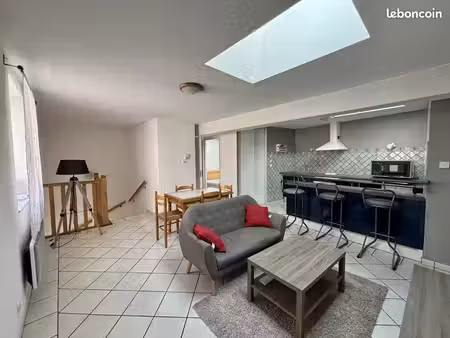 maison 2 pièces 53 m²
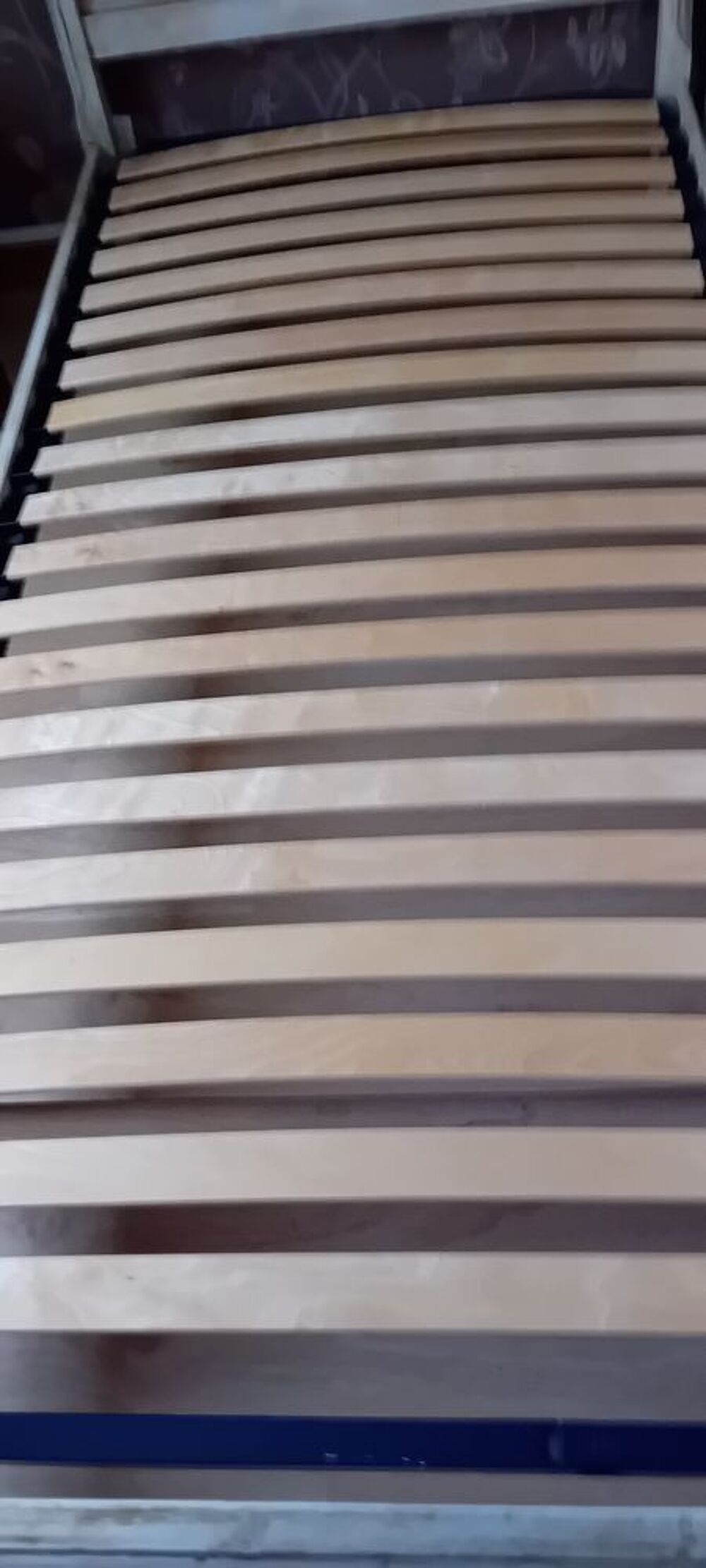 Lit 1 place et son chevet Meubles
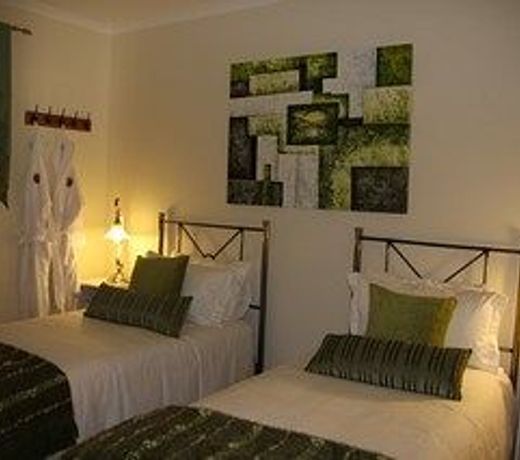Emaroo Cottages Port Hughes Accommodation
-*-*-
Problem details: Pictures excluded, quote all the data above exactly.

Answer to this exercise:
 maison 2 pièces 53 m²
 Lit 1 place et son chevet Meubles
Emaroo Cottages Port Hughes Accommodation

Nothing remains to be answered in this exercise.